A word-for-word copy of the following listing is needed. Leave out its images.

--- Data block ---
--------------------
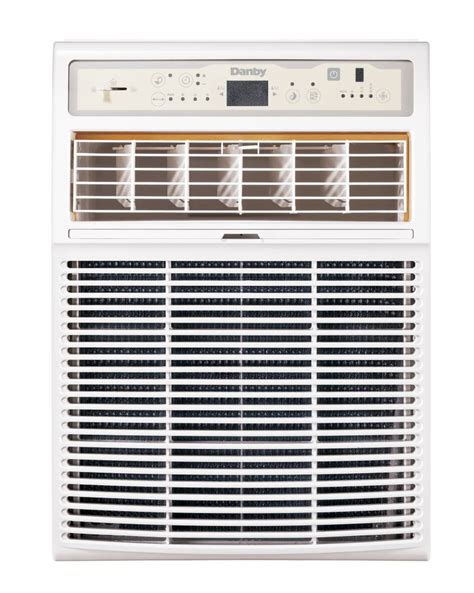 As is standard, the window air conditioner installation kit for sliding windows is included. Danby 10,000 BTU Vertical Window Air Conditioner | The ...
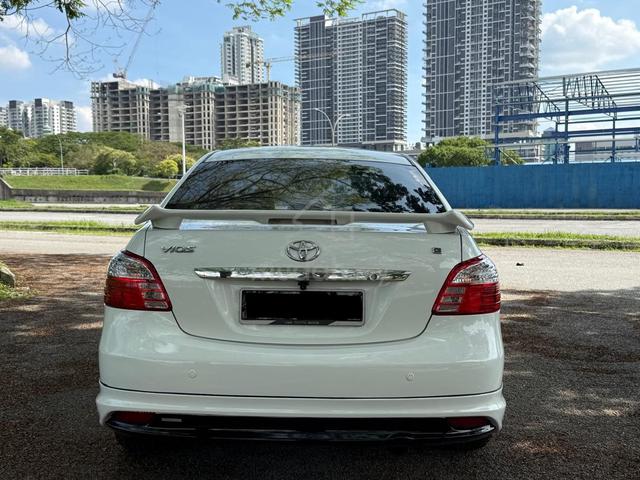 2008 Toyota VIOS 1.5 G (A)NEW PAINT/TRD BODYKIT - 4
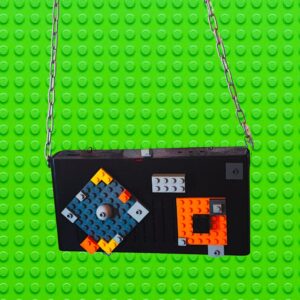 Torbica Lego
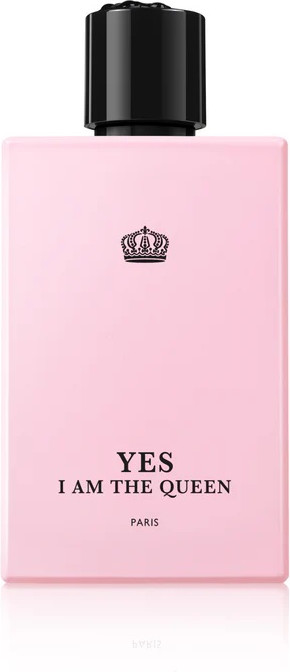 Geparlys — Geparlys Yes I Am The Queen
--------------------
--- Answer for the task ---
 As is standard, the window air conditioner installation kit for sliding windows is included. Danby 10,000 BTU Vertical Window Air Conditioner | The ...
 2008 Toyota VIOS 1.5 G (A)NEW PAINT/TRD BODYKIT - 4
 Torbica Lego
 Geparlys — Geparlys Yes I Am The Queen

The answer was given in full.